**** DATA EXCERPTS ****

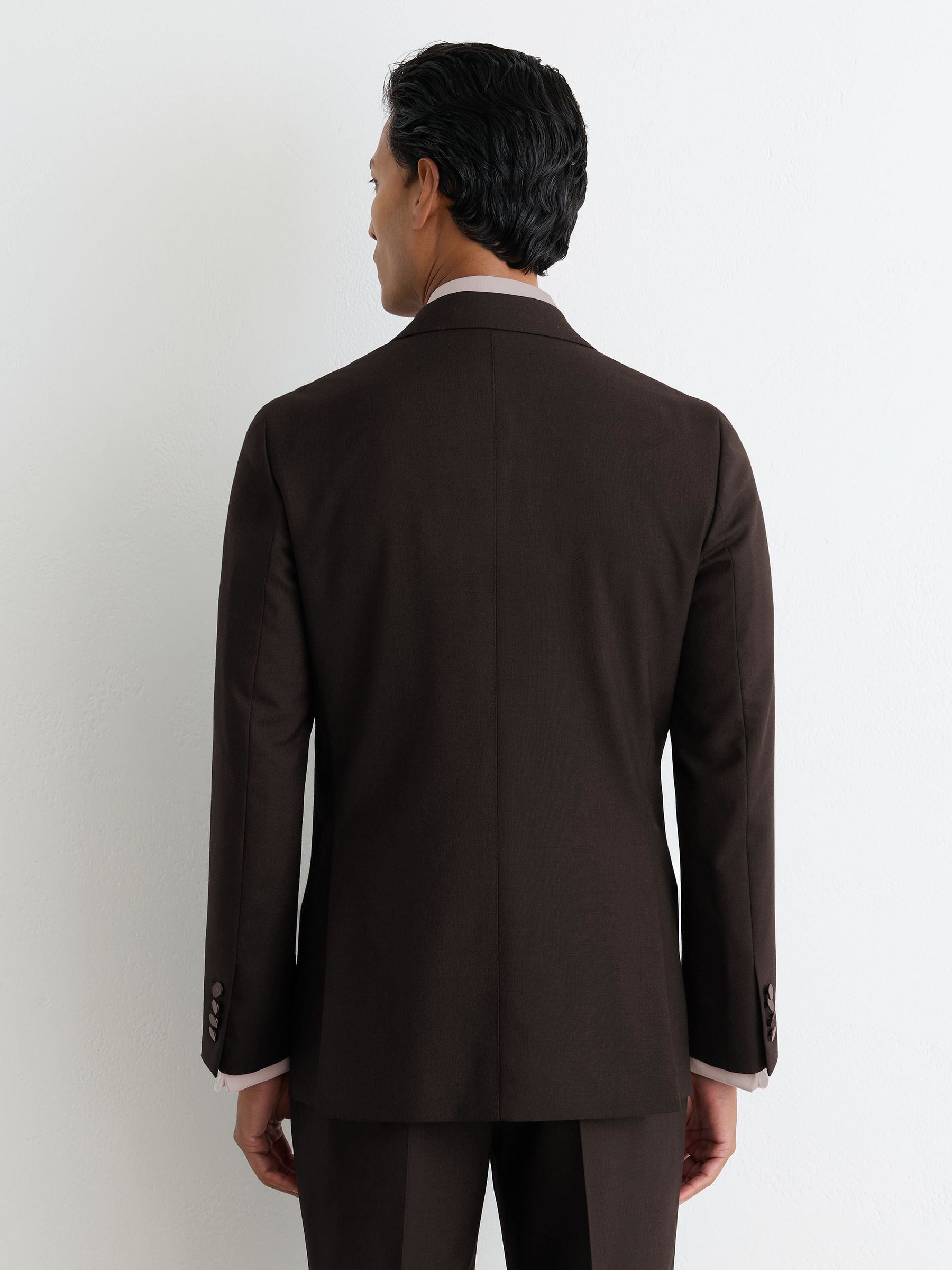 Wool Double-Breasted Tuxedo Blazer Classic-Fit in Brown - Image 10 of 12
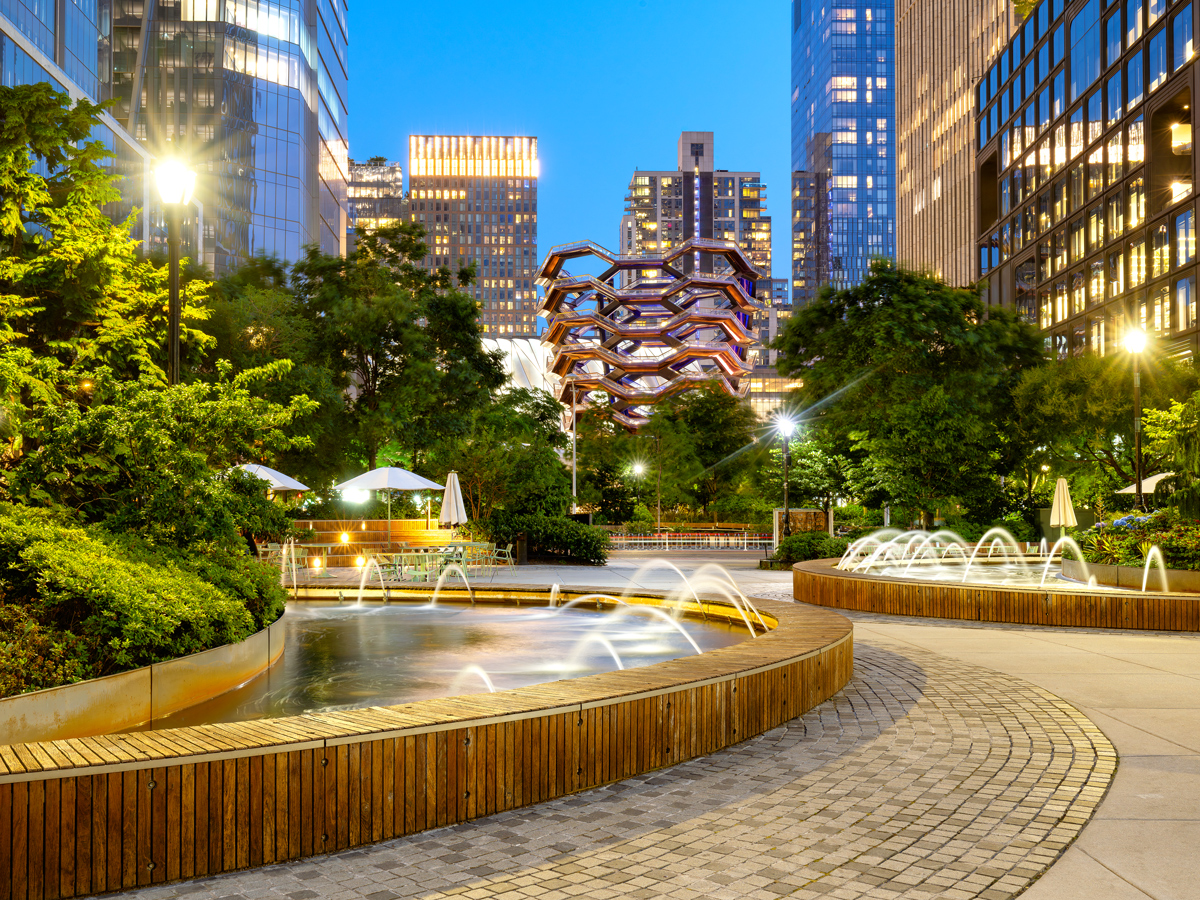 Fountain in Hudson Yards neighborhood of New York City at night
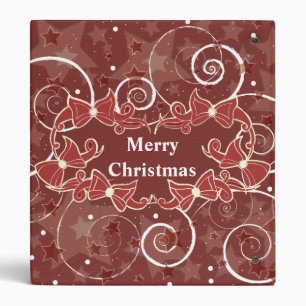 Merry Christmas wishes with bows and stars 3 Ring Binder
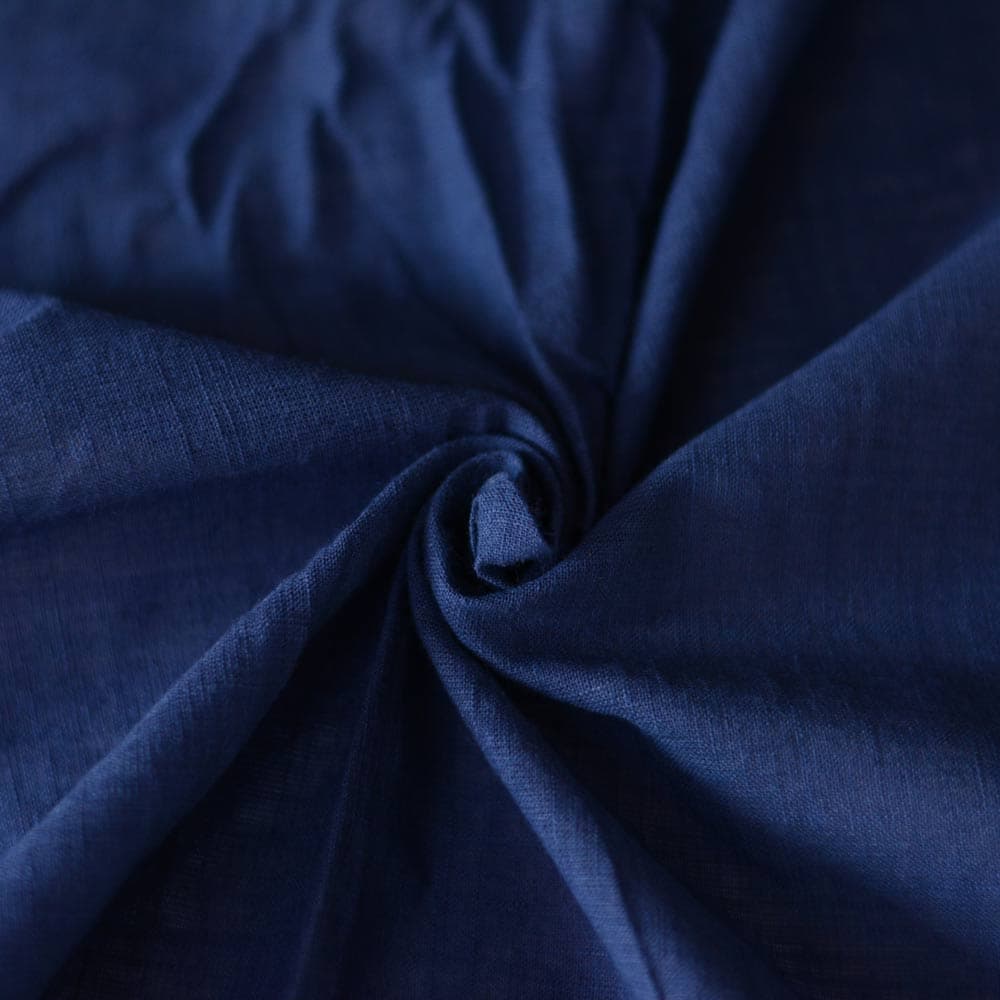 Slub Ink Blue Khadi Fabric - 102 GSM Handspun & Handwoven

****
**** DATA EXCERPTS ****

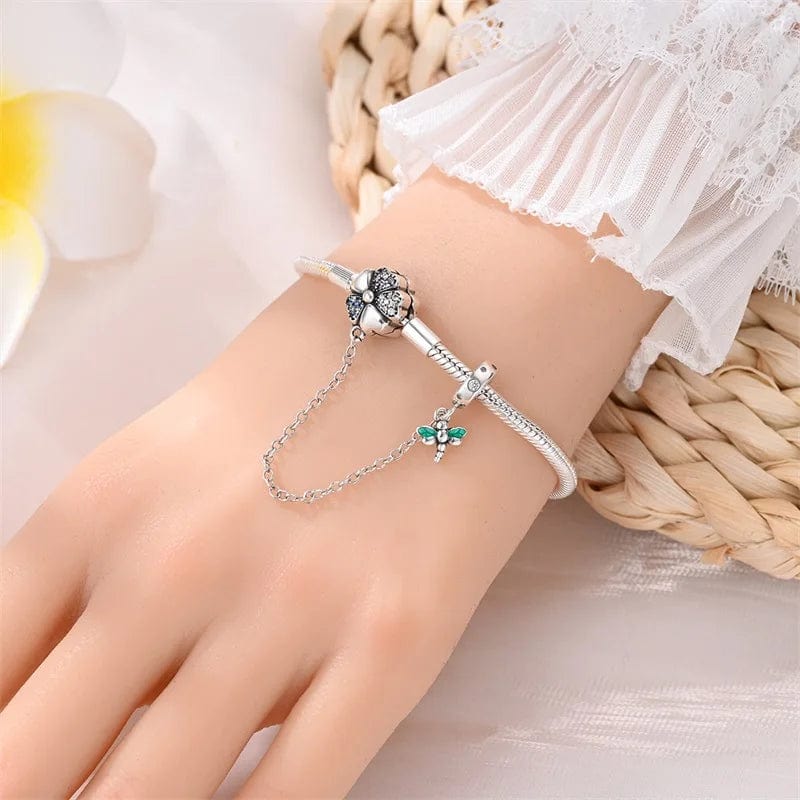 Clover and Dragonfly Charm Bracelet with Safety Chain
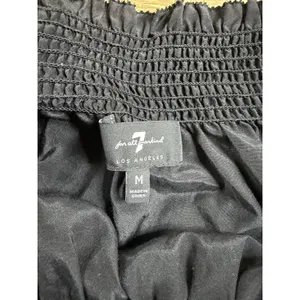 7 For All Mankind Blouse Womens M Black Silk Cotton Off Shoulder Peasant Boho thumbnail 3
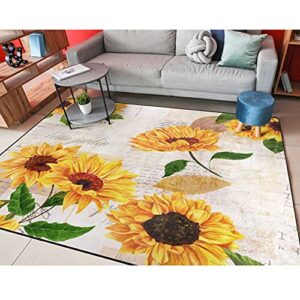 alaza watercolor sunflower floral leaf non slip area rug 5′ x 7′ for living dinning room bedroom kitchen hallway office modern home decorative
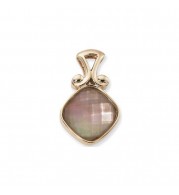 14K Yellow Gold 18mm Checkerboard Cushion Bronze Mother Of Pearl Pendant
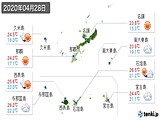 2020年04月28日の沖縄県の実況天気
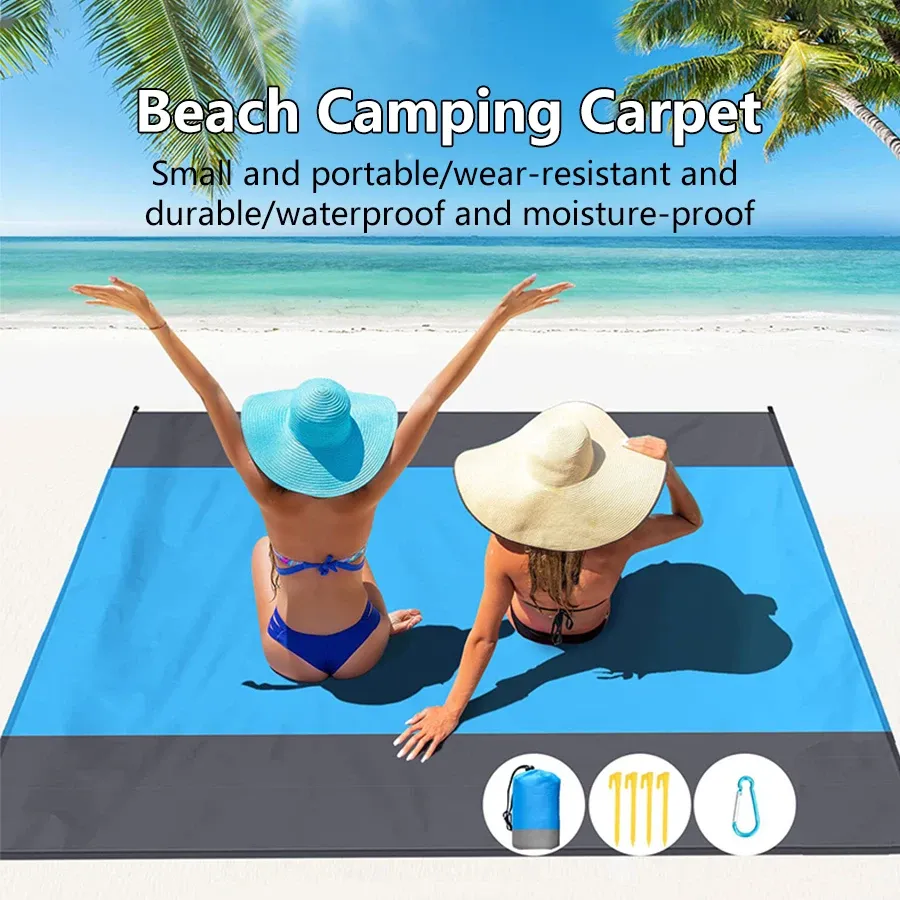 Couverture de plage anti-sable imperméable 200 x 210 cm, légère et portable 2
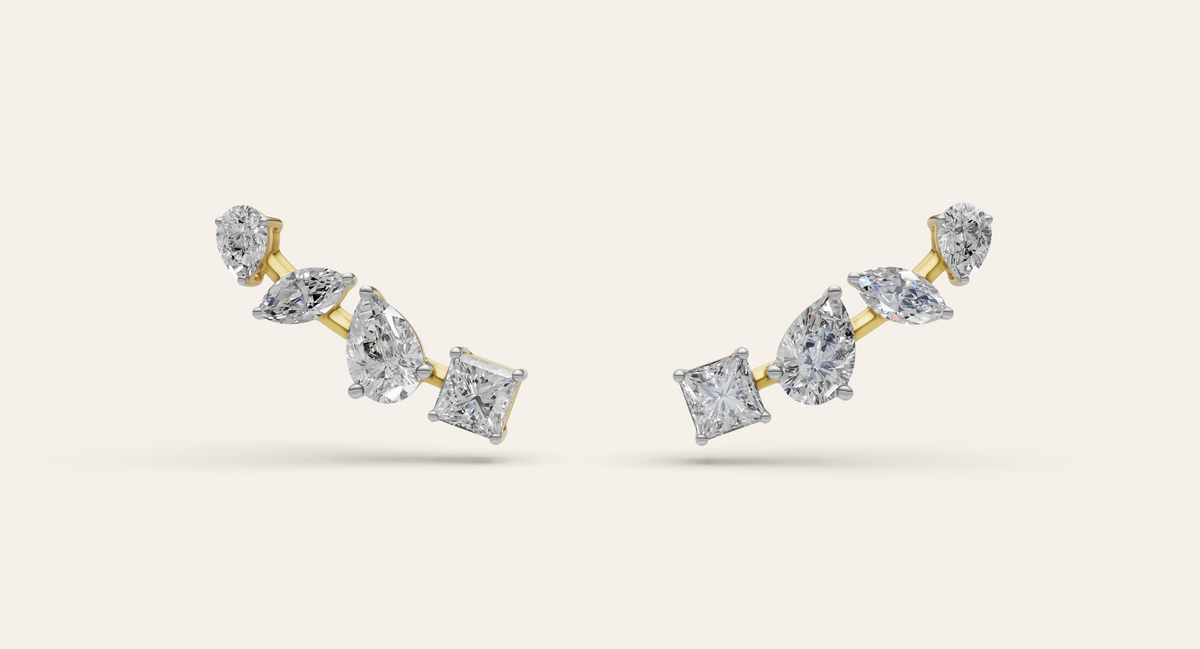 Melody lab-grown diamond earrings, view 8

****
**** DATA EXCERPTS ****

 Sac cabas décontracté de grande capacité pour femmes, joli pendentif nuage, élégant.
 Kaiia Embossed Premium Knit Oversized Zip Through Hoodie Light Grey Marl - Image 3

****

ABOUT THIS EXERCISE: Print nothing but the lines above starting with the line that contains "Clover and Dragonfly" and going on through the line that contains "Melody lab-grown diamond earrings, view 8". Leave out the pictures.

EXPECTED OUTPUT:
 Clover and Dragonfly Charm Bracelet with Safety Chain
 7 For All Mankind Blouse Womens M Black Silk Cotton Off Shoulder Peasant Boho thumbnail 3
 alaza watercolor sunflower floral leaf non slip area rug 5′ x 7′ for living dinning room bedroom kitchen hallway office modern home decorative
 14K Yellow Gold 18mm Checkerboard Cushion Bronze Mother Of Pearl Pendant
 2020年04月28日の沖縄県の実況天気
 Couverture de plage anti-sable imperméable 200 x 210 cm, légère et portable 2
 Melody lab-grown diamond earrings, view 8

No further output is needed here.